_Working data_
╭──

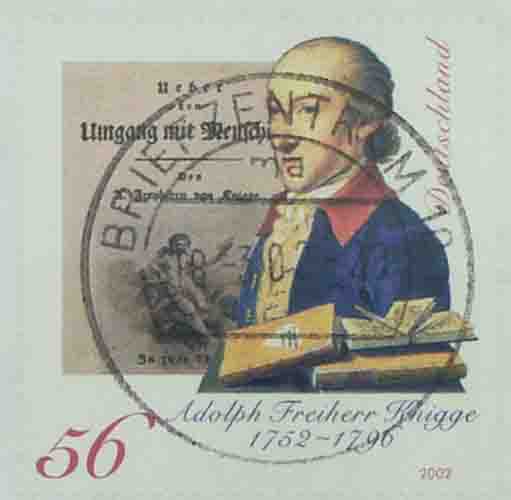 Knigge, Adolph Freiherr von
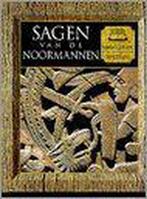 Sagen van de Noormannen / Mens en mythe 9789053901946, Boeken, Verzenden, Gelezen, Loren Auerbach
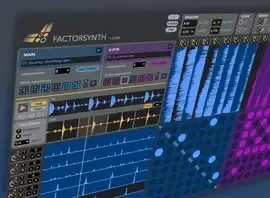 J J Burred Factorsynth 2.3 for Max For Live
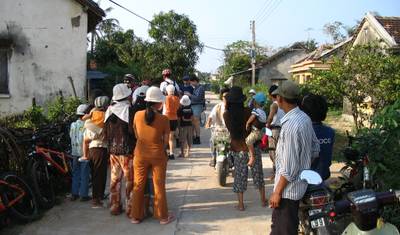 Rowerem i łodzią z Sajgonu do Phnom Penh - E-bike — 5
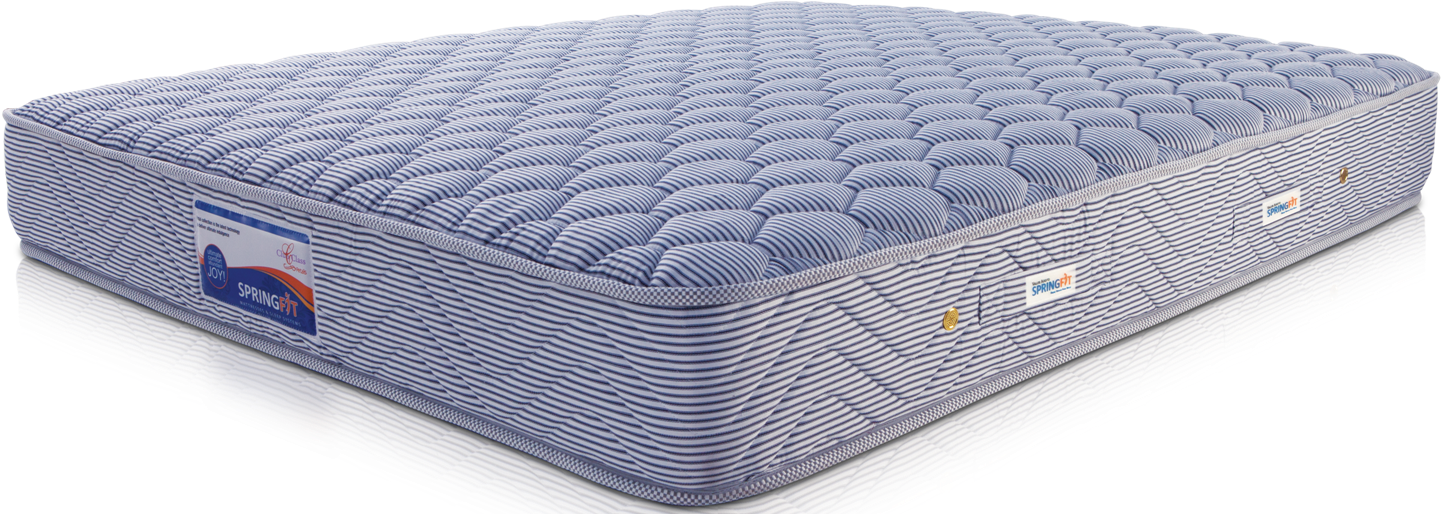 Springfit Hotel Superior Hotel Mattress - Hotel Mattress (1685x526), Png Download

╰──
╭──

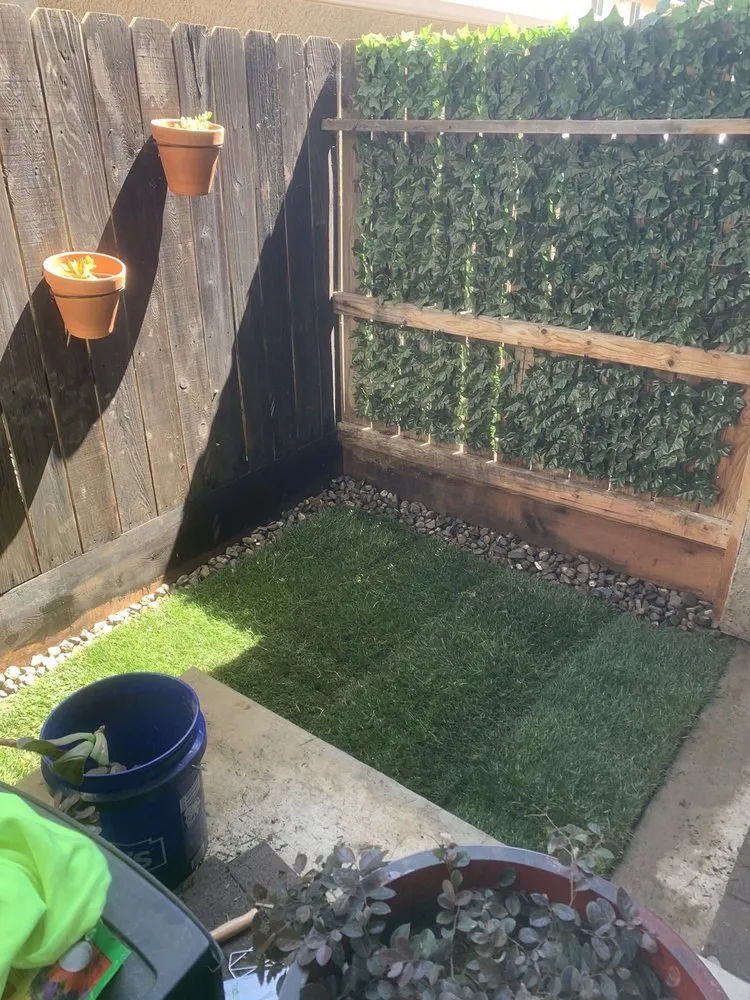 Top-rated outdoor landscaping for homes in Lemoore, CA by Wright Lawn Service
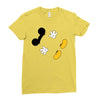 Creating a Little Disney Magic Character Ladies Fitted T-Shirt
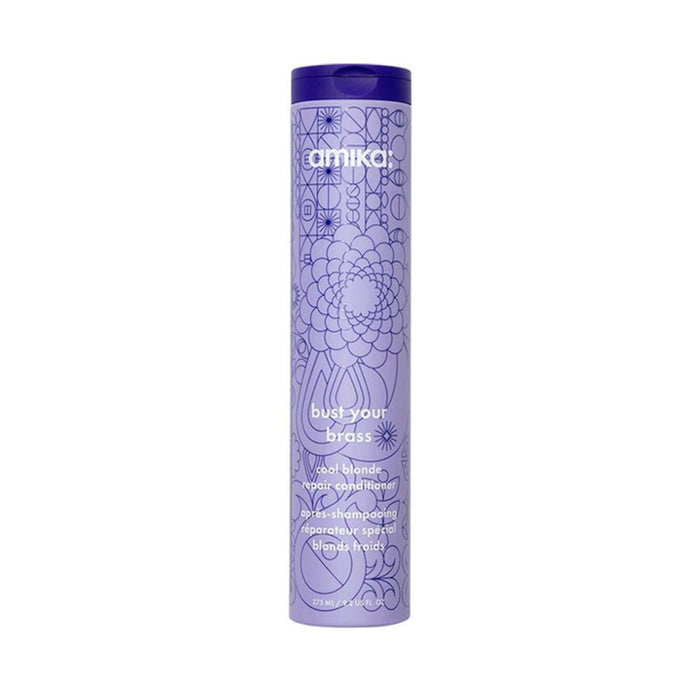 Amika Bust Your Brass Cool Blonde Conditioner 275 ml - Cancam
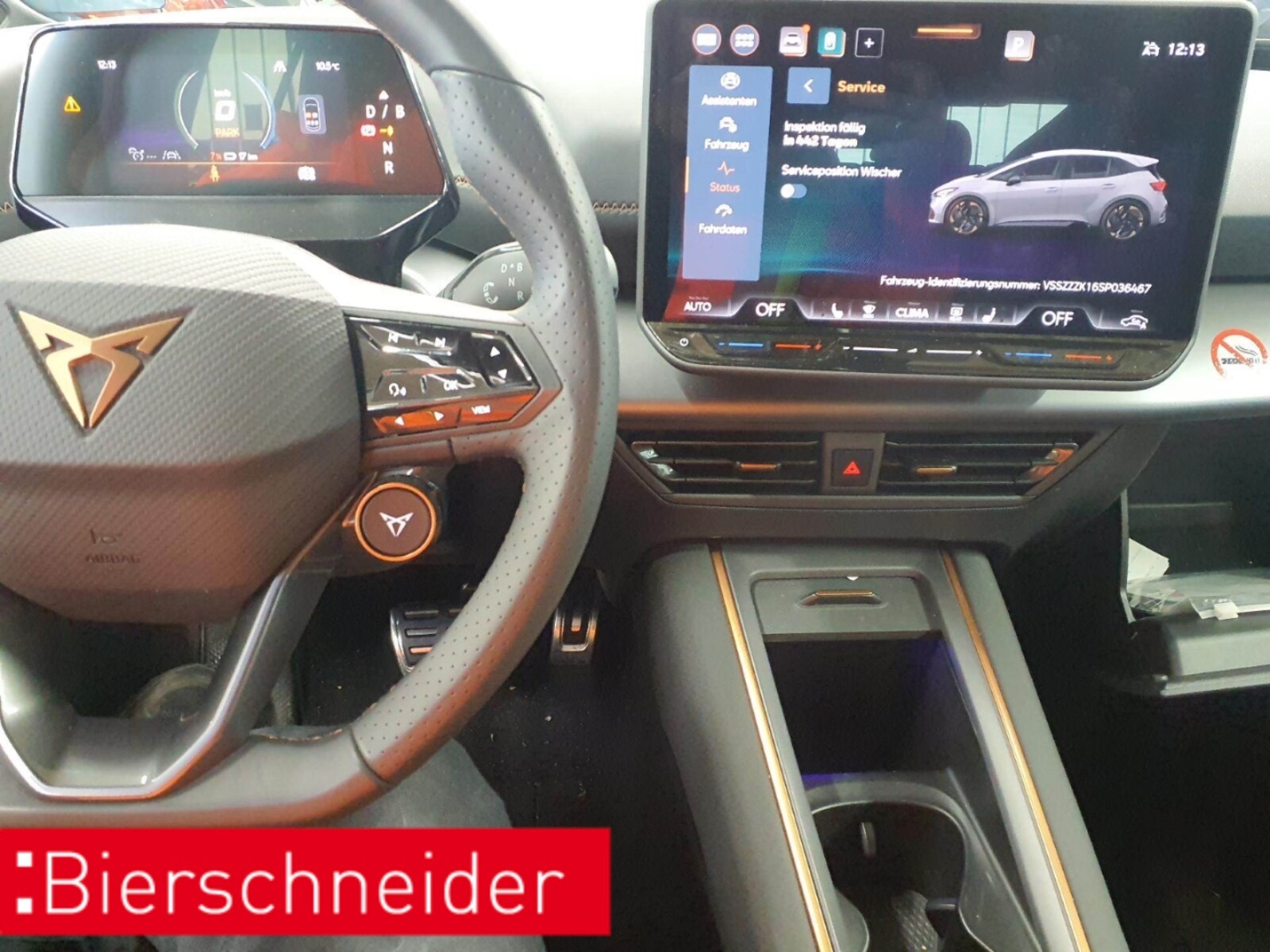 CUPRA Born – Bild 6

╰──

_Your objective_
Copy the entries above exactly, but only the stretch from the line containing "Top-rated outdoor landscaping" through the line containing "CUPRA Born – Bild 6". Keep both end lines; drop the pictures.

_Response below_
 Top-rated outdoor landscaping for homes in Lemoore, CA by Wright Lawn Service
 Creating a Little Disney Magic Character Ladies Fitted T-Shirt
 Amika Bust Your Brass Cool Blonde Conditioner 275 ml - Cancam
 CUPRA Born – Bild 6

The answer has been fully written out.